The best example of exponential growth in organisms is seen in bacteria. Bacteria are prokaryotes that reproduce largely by binary fission. This division takes about an hour for many bacterial species. If 1000 bacteria are placed in a large flask with an abundant supply of nutrients (so the nutrients will not become quickly depleted), the number of bacteria will have doubled from 1000 to 2000 after just an hour. In another hour, each of the 2000 bacteria will divide, producing 4000 bacteria. After the third hour, there should be 8000 bacteria in the flask. The important concept of exponential growth is that the growth rate—the number of organisms added in each reproductive generation—is itself increasing; that is, the population size is increasing at a greater and greater rate. After 24 of these cycles, the population would have increased from 1000 to more than 16 billion bacteria. When the population size, N, is plotted over time, a J-shaped growth curve is produced (Figure 5.5a).

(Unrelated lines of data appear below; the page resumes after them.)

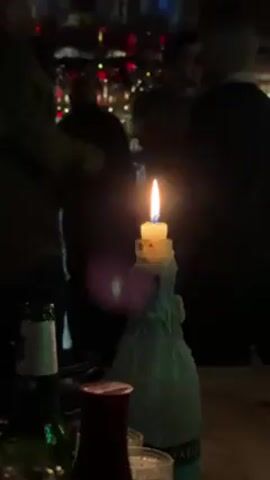 A dimly lit, tight scene shows a candle burning on top of a bottle with wax dripped down its sides, on a wooden table surrounded by people with bottles and other drinking glasses. The background is blurry but shows lights, some red, strung up. Most of the people are silhouetted as if facing away from the camera; a couple have unclear faces. The atmosphere seems lively.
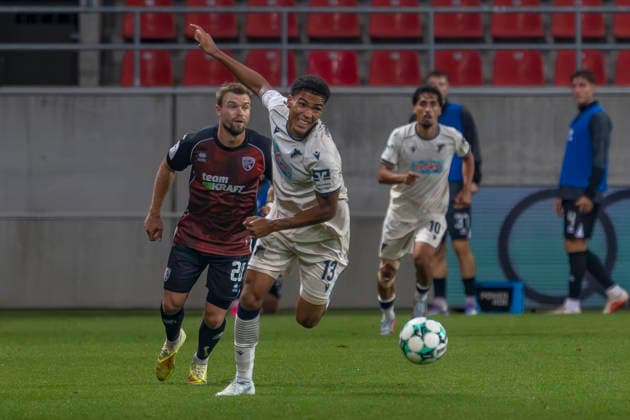 Ingolstadt, Germany, August 8, 2026, 3rd League 2026–2027, Matchday 6: FC Ingolstadt 04 vs. TSG Hoffenheim II. Pictured from left, in a tackle: Yannick Deichmann (FCI) and Tristan Spranger (TSG II). DFB and DFL regulations prohibit any use of photographs as image sequences and or quasi-video. Audi Sportpark Bayern Copyright: xFotostandx xSchäferx
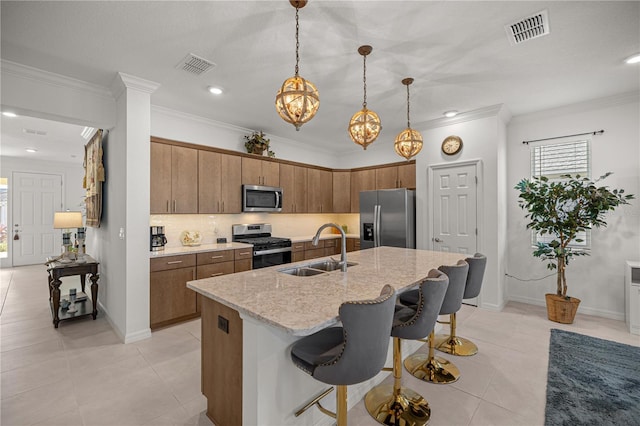 kitchen with a center island with sink, hanging light fixtures, sink, appliances with stainless steel finishes, and light stone counters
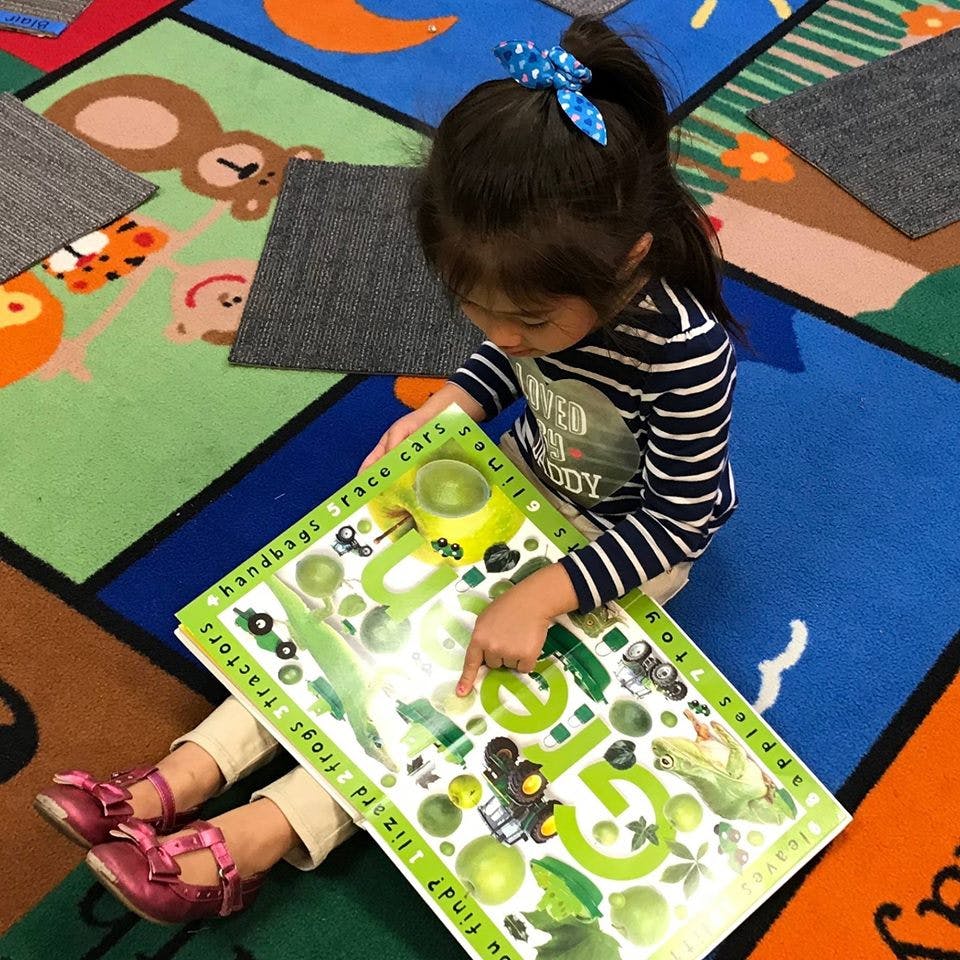 Child sitting on a colorful rug, pointing at a large green book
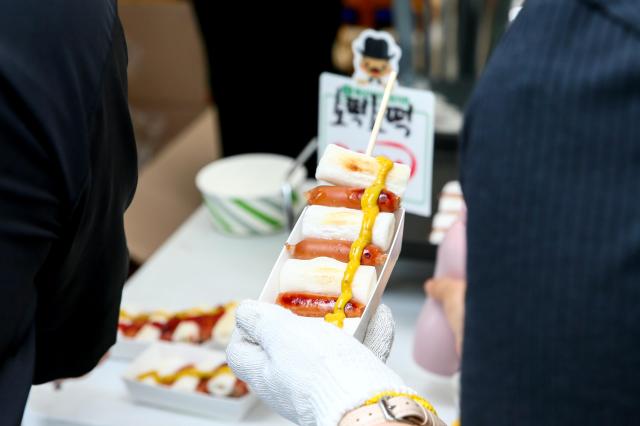 Sausage and Rice Cake Skewers on sale at a K-Shopping Festa booth at Cheonggye Plaza in Seoul on Sept 9 2024 AJP Kim Dong-woo
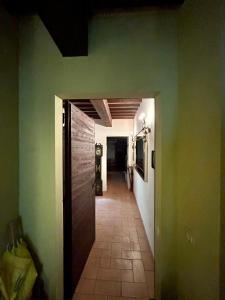 a hallway in a house with green walls and a door at Casa Banino in Cagli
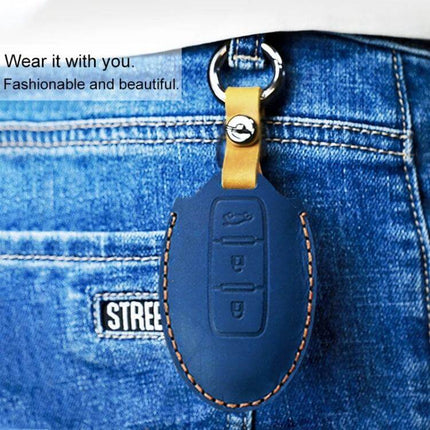 Protective Cowhide Leather Key Case for Nissan Qashqai Tiida shown hanging from jeans pocket, blue leather key cover with yellow strap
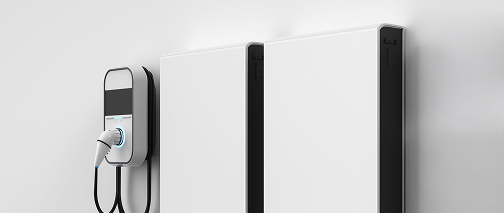 Wall-mounted battery storage units beside an EV charger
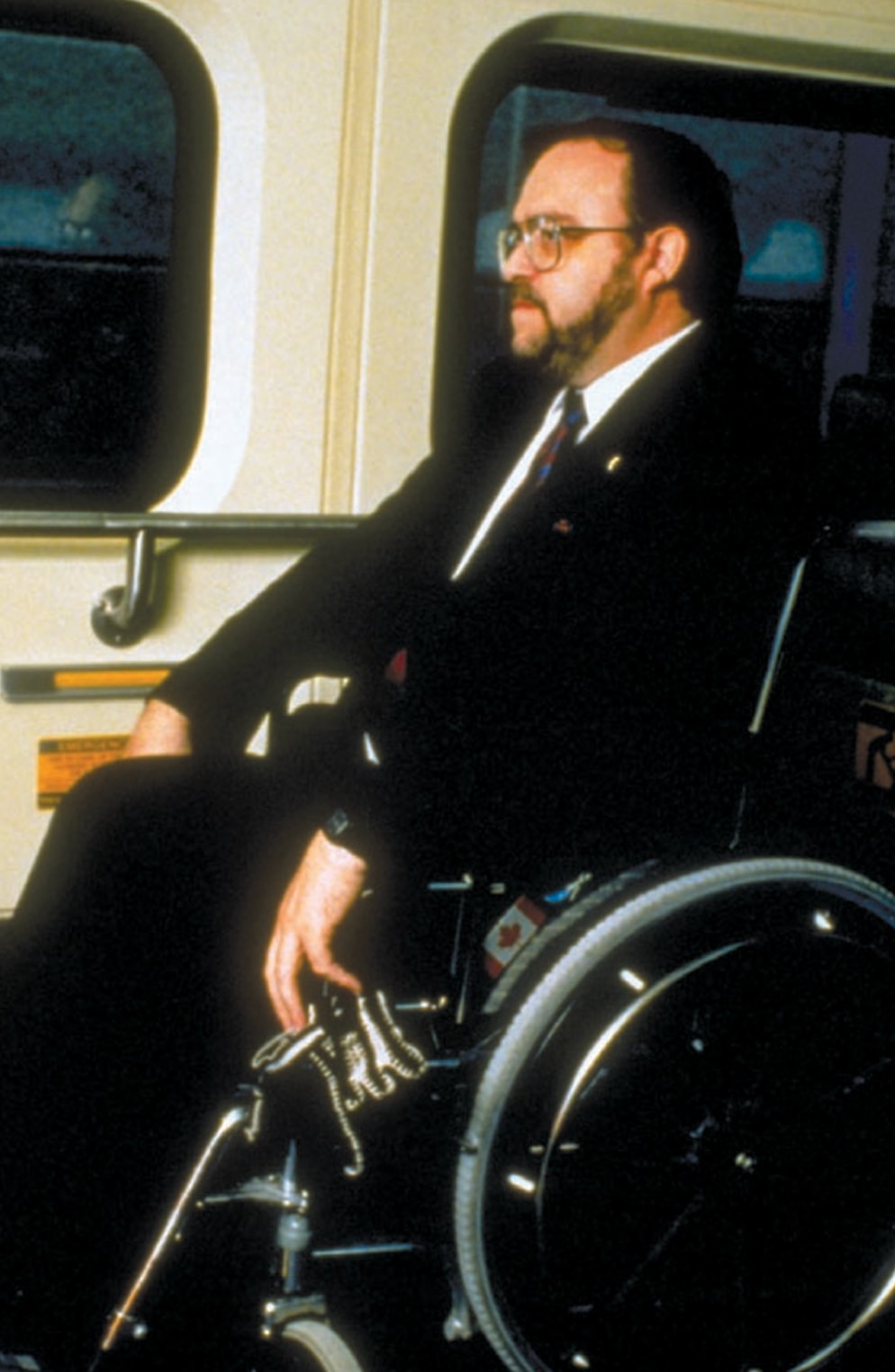 Disabled customer using wheelchair ramp to exit GO Train circa 1990s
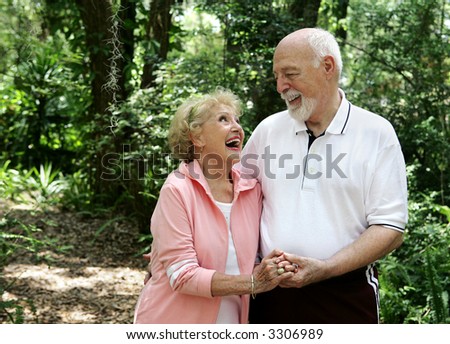 A happy, active senior couple laughing together on a walk through the park.  She's wearing a hearing aid.  Plenty of copy space.
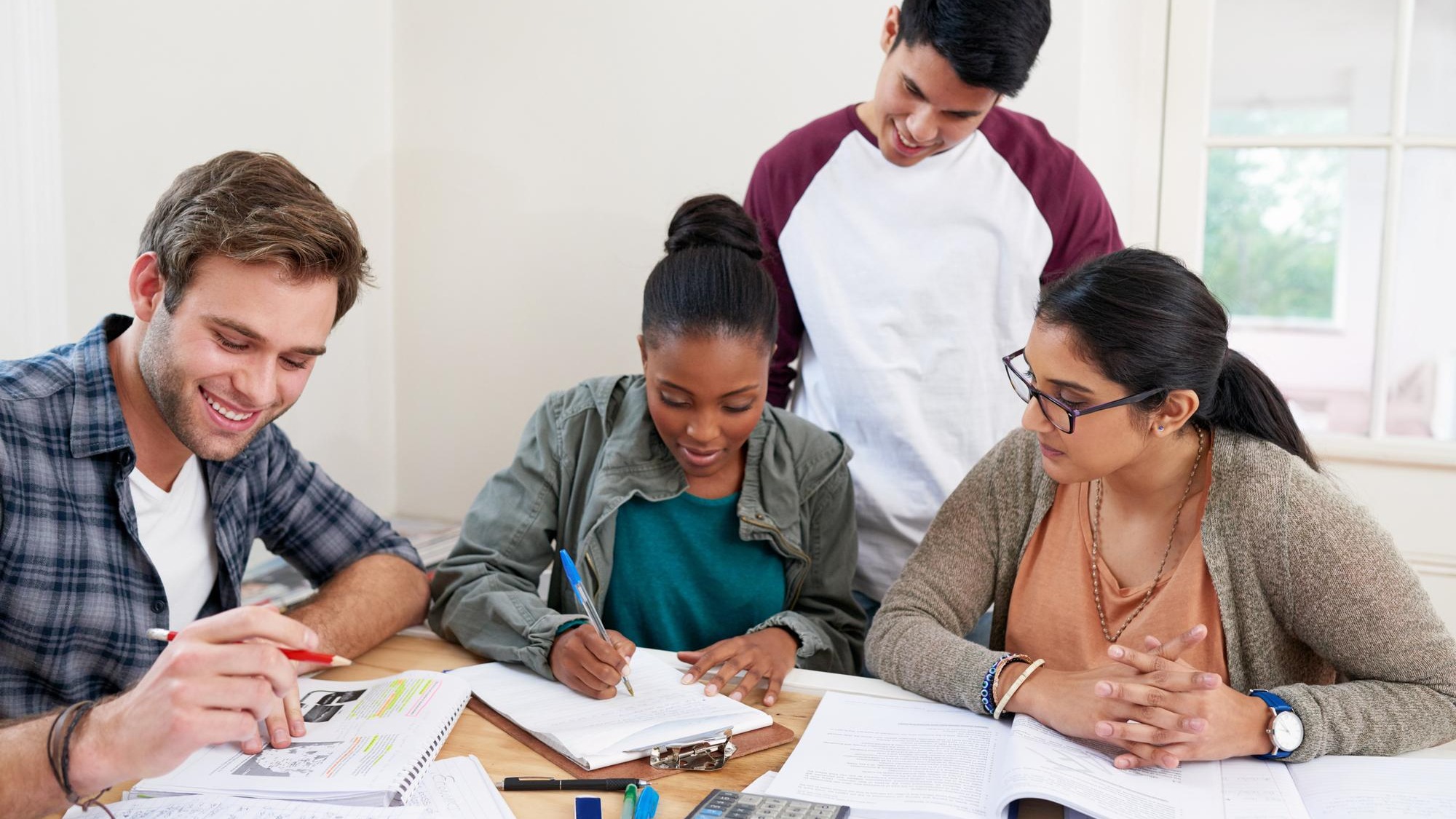 Team students and writing notes in university for learning knowledge or brainstorming together College friends and happy people studying for information education and help for math exam in class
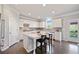 Modern kitchen with white cabinets, stainless steel appliances, and a spacious center island with seating at 273 Amylou Cir, Woodstock, GA 30188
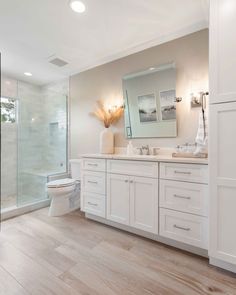 a large bathroom with white cabinets and wood floors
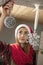 Young beautiful girl hangs Christmas decorations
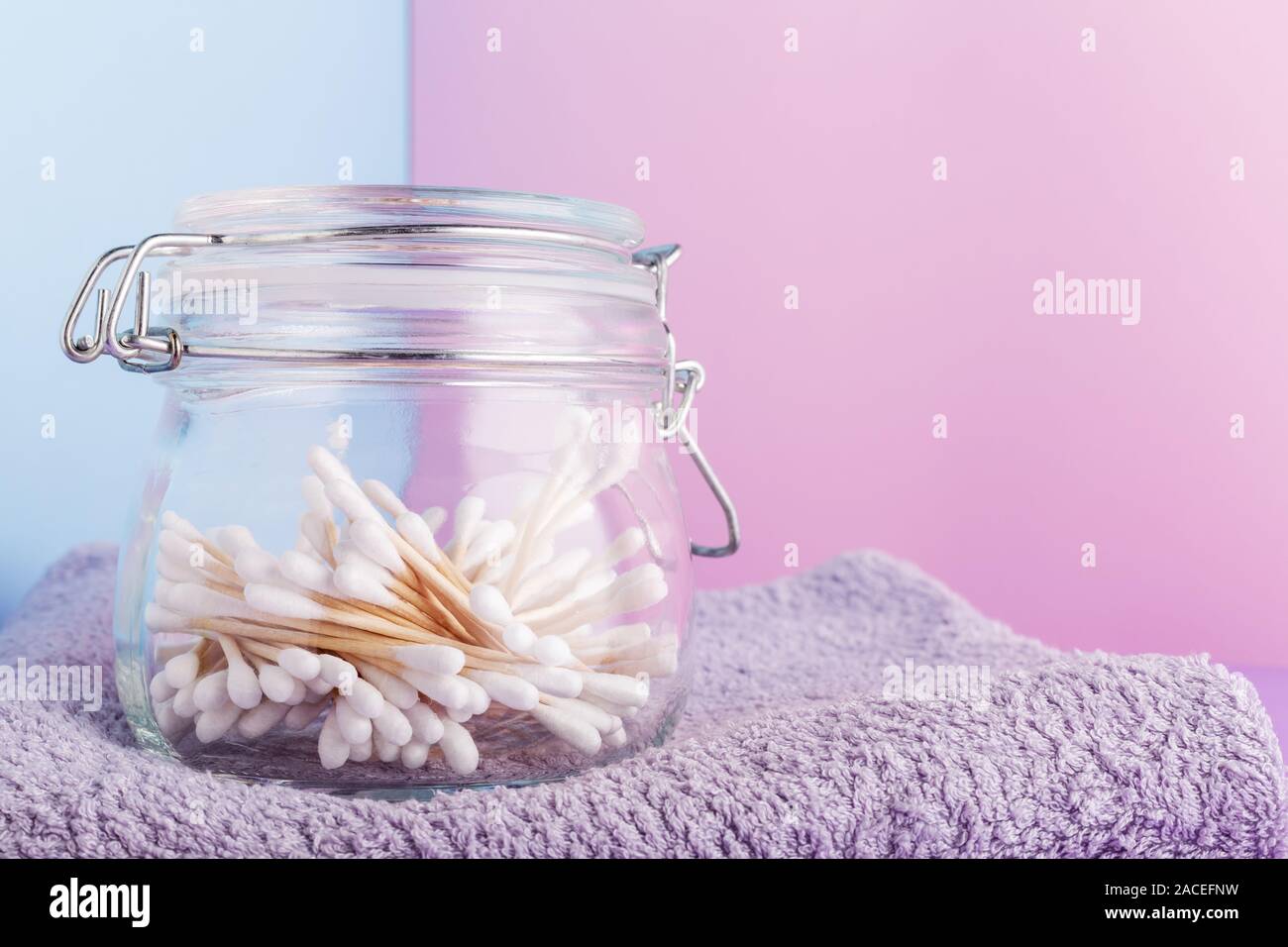 Cotton tipped swabs in a glass jar on color background.Natural bath products. Biodegradable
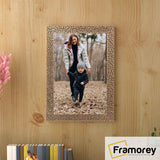 Copper picture frame hanged on a wooden wall.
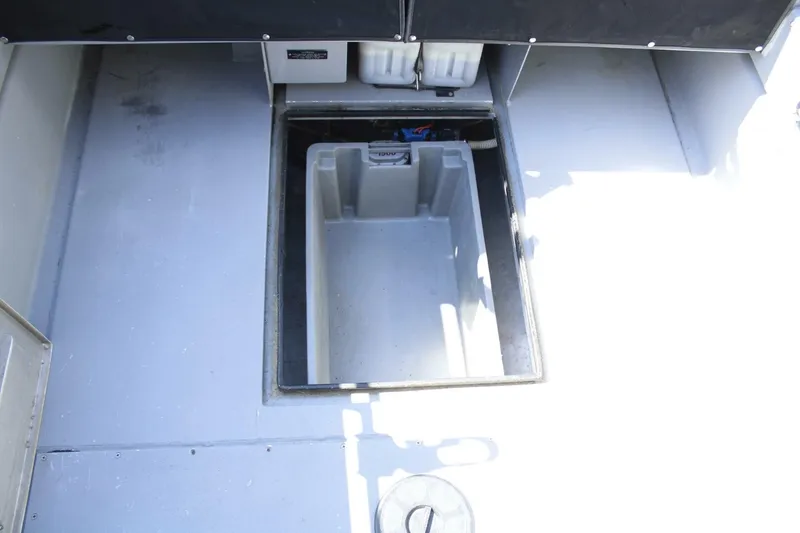 Slide: The Image of An open storage compartment on a boat with a gray floor and black cover. - 26
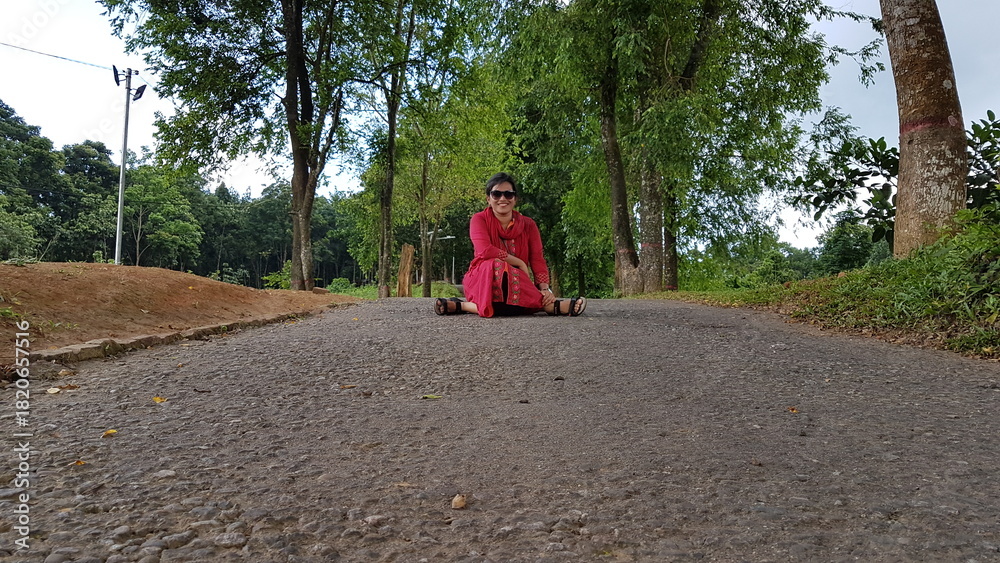 Fototapeta premium Woman in Red Outfit Sitting on Road Surrounded by Trees on a Sunny Day, Nature Portrait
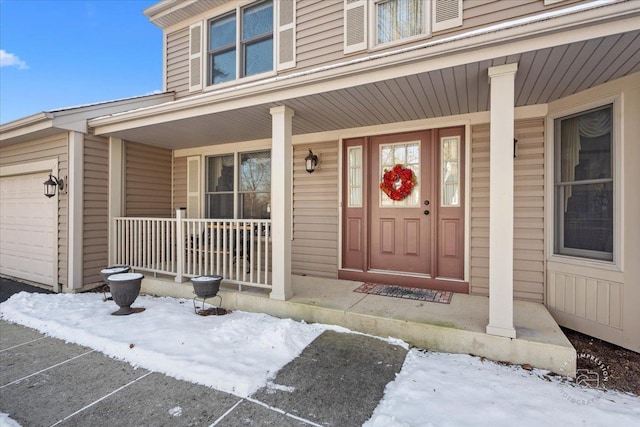 snow covered property entrance with covered porch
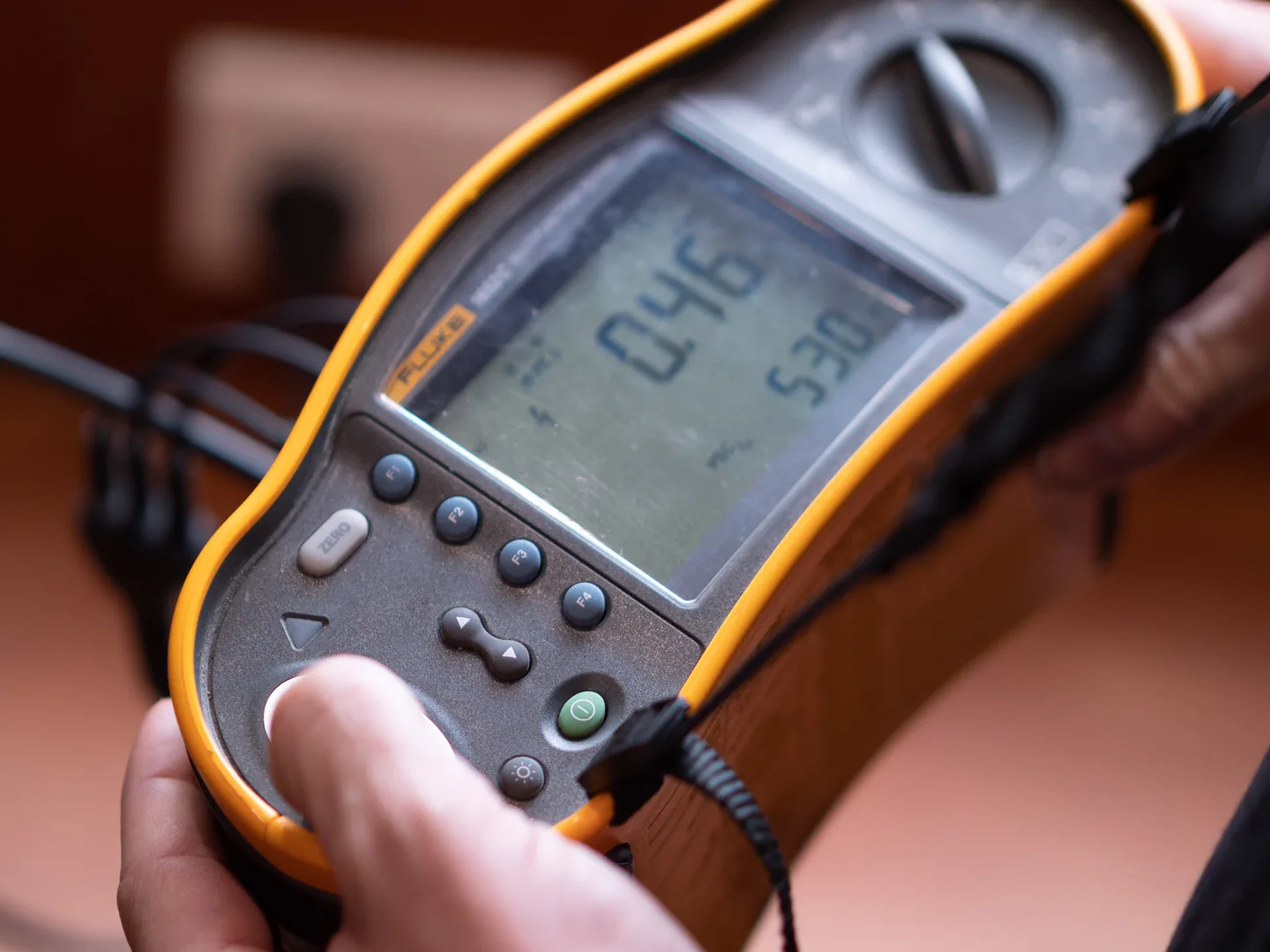 Multifunction electrical tester held in two hands, screen lit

The bacteria-in-a-flask example is not truly representative of the real world where resources are usually limited. However, when a species is introduced into a new habitat that it finds suitable, it may show exponential growth for a while. In the case of the bacteria in the flask, some bacteria will die during the experiment and thus not reproduce; therefore, the growth rate is lowered from a maximal rate in which there is no mortality. The growth rate of a population is largely determined by subtracting the death rateD, (number organisms that die during an interval) from the birth rateB, (number organisms that are born during an interval). The growth rate can be expressed in a simple equation that combines the birth and death rates into a single factor: r. This is shown in the following formula:

Population growth = rN

N is the current size of the population. The value of r can be positive, meaning the population is increasing in size (the rate of change is positive); or negative, meaning the population is decreasing in size; or zero, in which case the population size is unchanging, a condition known as zero population growth. This formula handy for understanding basic population dynamics, but it’s a simplified model. It assumes that the rate r is constant, which is not usually the case in real-world scenarios.

Logistic Growth

Extended exponential growth is possible only when infinite natural resources are available; this is not the case in the real world. Charles Darwin recognized this fact in his description of the “struggle for existence,” which states that individuals will compete (with members of their own or other species) for limited resources. The successful ones are more likely to survive and pass on the traits that made them successful to the next generation at a greater rate (natural selection). To model the reality of limited resources, population ecologists developed the logistic growth model.

Carrying Capacity and the Logistic Model

In the real world, with its limited resources, exponential growth cannot continue indefinitely. Exponential growth may occur in environments where there are few individuals and plentiful resources, but when the number of individuals gets large enough, resources will be depleted and the growth rate will slow down. Eventually, the growth rate will plateau or level off (Figure 5.5b). This population size, which is determined by the maximum population size that a particular environment can sustain, is called the carrying capacity, or K. In real populations, a growing population often overshoots its carrying capacity, and the death rate increases beyond the birth rate causing the population size to decline back to the carrying capacity or below it. Most populations usually fluctuate around the carrying capacity in an undulating fashion rather than existing right at it.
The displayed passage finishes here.